В ораториях пение сопровождается музыкой. Мы видели, что в храме Божием вообще никакая музыка не допускается. Но почему же не допустить музыку в домашнем обиходе, да не только в домашнем, в собственном смысле, но и вообще – вне храма? Почему и святых Божиих не прославлять музыкальным воспроизведением стихов, написанных в честь их? Лишь бы звуки музыки соответствовали содержанию таких стихов.
В народе слепцы и калики перехожие поют духовные стихи об Алексии Человеке Божием, о бедном Лазаре и др., причем в южной России стихи эти сопровождаются игрою на бандуре и др. инструментах, и это не вносит соблазна в народ. Почему же не допустить музыкального исполнения стихов в обработке художественной?
В так называемых «либретто» ораторий обычно авторы отмечают: место, время, имена лиц, обстановку и другие подробности, по примеру приготовляемых для театра литературных произведений, и это может смущать строгих христиан, отрицающих самую идею театра. Но, во-первых, в ораториях нет ни декораций, ни грима исполнителей, ни переодевания, как на сцене; отметки делаются главными образом для того, чтобы дать исполнителям более наглядно указания, как вести дело, как петь и исполнять музыку. Во-вторых, если бы устроители вздумали ораторию превратить в театральную пьесу, воспроизводить на сцене действием то, что послужило темой для ораторий, то этого, конечно, не следует допускать; такое воспрещение следует ставить условием самого разрешения к исполнению оратории.
Духовные оратории допускать следует к исполнению только в таких помещениях, которые приличествуют достоинству излагаемого предмета, а потому как текст оратории, так и все условия ее выполнения прежде разрешения должны быть представляемы на разрешение духовной власти.
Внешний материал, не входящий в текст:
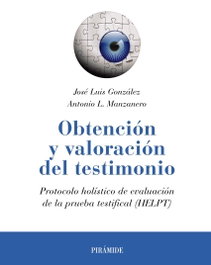 PIRAMIDE, OBTENCION Y VALORACION DEL TESTIMONIO, Jose Luis Gonzalez/Antonio Lucas Manzanero - PIRAMIDE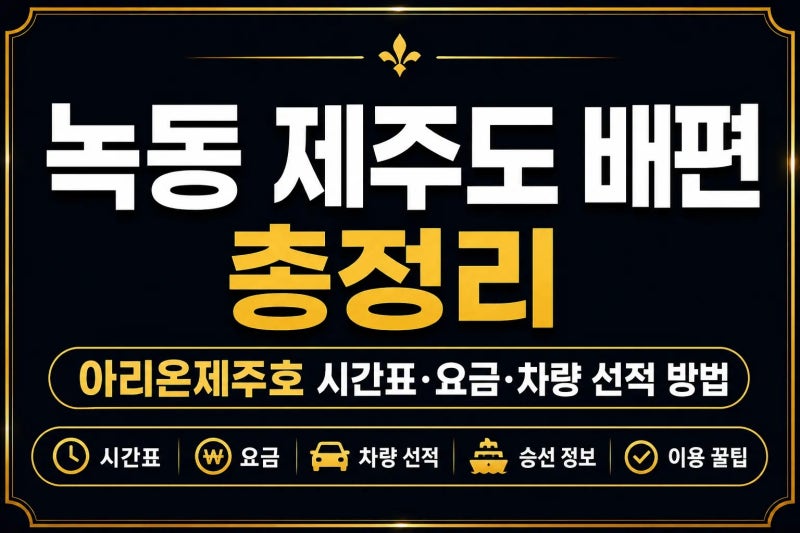 녹동 제주도 배편 총정리｜아리온제주호 시간표·요금·차량 선적 방법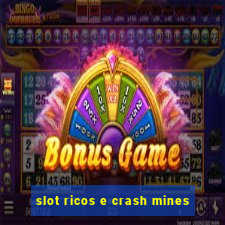 slot ricos e crash mines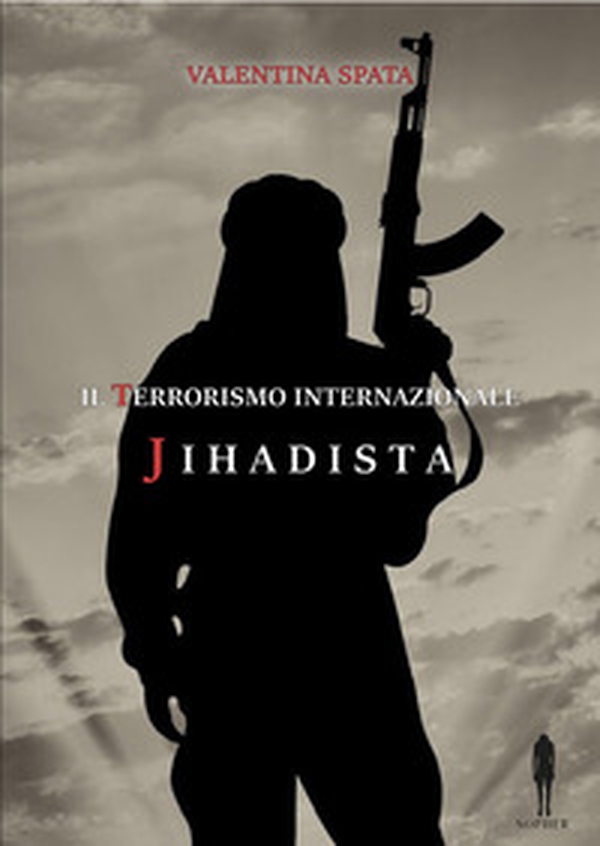 Il terrorismo internazionale jihadista - Librerie.coop Il terrorismo internazionale jihadista - Librerie.coop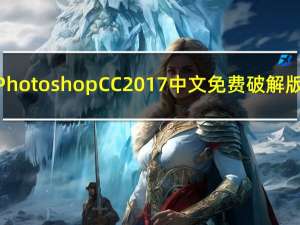 Photoshop CC 2017 中文免费破解版（Photoshop CC 2017 中文免费破解版功能简介）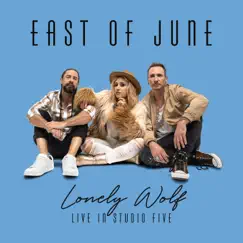 Lonely Wolf (Live in Studio Five) - Single by East of June album reviews, ratings, credits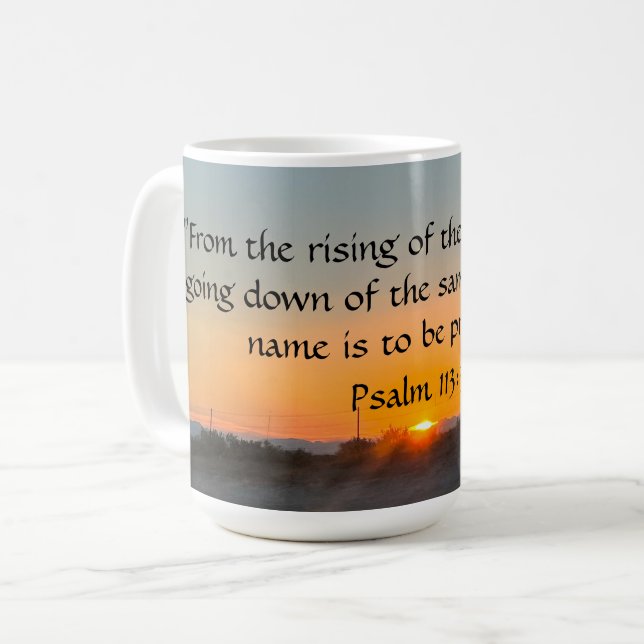 Anstieg und Einstellung von Sun Psalm 113:3 Tasse (Vorderseite Links)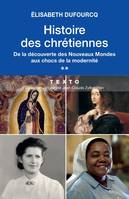 Histoire des chrétiennes. T.2 - De la découverte des Nouveaux Mondes aux chocs de la modernité, De la découverte des nouveaux mondes aux chocs de la modernité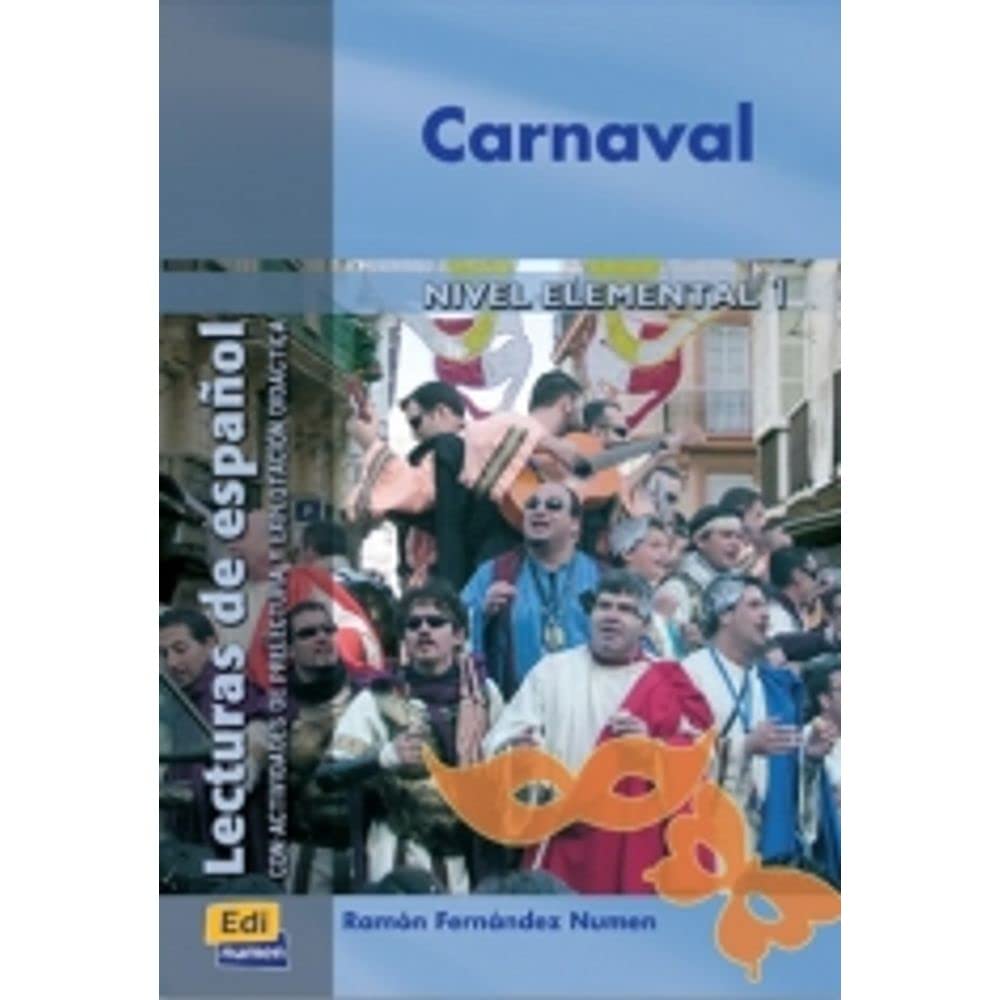 Lecturas de espanol - Edinumen: Carnaval (Lecturas De Espanol/ Spanish Readings)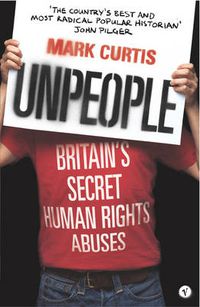Cover image for Unpeople: Britain's Secret Human Rights Abuses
При таких условиях духовные оратории, думаю я, могут быть допускаемы к исполнению и доставлять некое духовное и эстетическое утешение мирянам, не доходя до профанации священных предметов и лиц. Искусство пения и музыки есть такой же дар Божий, как и разум человека, как и прочие его способности, а потому не следует ставить ему препятствий к выполнению его задачи, славить Бога и святых Ею пением и музыкой, при условии непременного исполнения тех указаний, какие сочтет благопотребные делать Церковь. При этом должно остерегаться, чтобы пение и музыка не обращались и в этом случае к удовлетворению чувственности.
* * *
Правда, правило 15 Лаодикийского собора говорит, что «кроме певцов, состоящих в клире, на амвон входящих и по книге поющих, не должно иным некоторым пети в церкви»; но по изъяснению Вальсамона, правило сие запрещает мирянам только восходить на амвон и предначинать пение. В самых богослужебных книгах есть указание: когда поет лик, когда – людие.